Entonces aquí hay que decir la otra verdad. No alcanza con que los alemanes se hayan hecho una severa autocrítica sobre los crímenes del nazismo sino que la verdadera autocrítica tendría que ser nunca más a las armas, nunca más hacer negocios con la Muerte y menos con países que tienen problemas con países lindantes ni tampoco aquellos que tienen problemas internos. No se es honesto si por un lado criticamos las guerras y las represiones y por el otro vendemos armas a países donde tienen lugar esos crímenes contra la Vida.
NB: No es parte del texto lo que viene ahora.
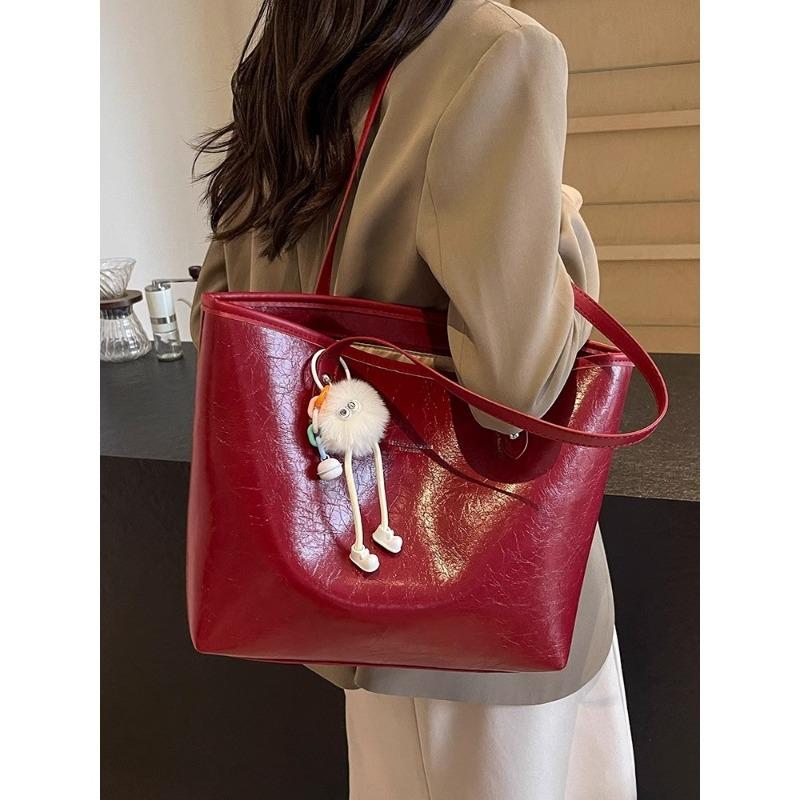 Red wedding bag large-capacity bag women's new high-end shoulder commuter bag bridal wedding tote bag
Hace pocos días se hizo en los medios alemanes un desusado elogio al ex primer ministro Helmut Schmidt, que cumplió noventa años de edad. Justamente, el político que apoyó la venta de armas a la dictadura argentina del desaparecedor Jorge Rafael Videla. Y se defendió en el Congreso alemán diciendo que lo hacía para “asegurar la fuente de trabajo de los obreros alemanes”, un argumento fuera de toda base ética. Porque si es por eso, que el gobierno alemán disponga de una suma para darles trabajo a esos obreros y que éstos se dediquen a fabricar juguetes para los niños.
Más todavía, el gobierno alemán asegura con fianzas oficiales la financiación de los proyectos de venta de armas, para lo cual se utiliza dinero del pueblo cobrado mediante los impuestos. Hace poco quedó en claro un escándalo producido por la constatación de que las fuerzas de seguridad de Georgia poseían modernas armas alemanas, a pesar de que el gobierno alemán había rechazado el pedido de ese país de venderle armas, ya que Georgia se encontraba en estado de guerra con Rusia. Es decir que podemos constatar que, en el caso de hacer negocios, se pisotean los principios básicos de lo que tiene que ser la ética en las relaciones humanas.
Las armas, las guerras entre los seres humanos divididos por estúpidas fronteras, tienen que pasar a ser un tema fijo en la vida de todos los pueblos del mundo. No a las armas, sí a la vida.
Han muerto cien niños en el bombardeo israelí de Gaza. Ya esa cifra podría servir de leitmotiv contra todos los bombardeos de ciudades abiertas. Nunca más la muerte de niños como acción de guerra. Salir a la calle en la protesta. Denunciar a los políticos que dieron la orden y a los generales y soldados que la cumplieron.
Sería al primer peldaño hacia aquel Paraíso en la Tierra con que soñaba Kant: la paz eterna.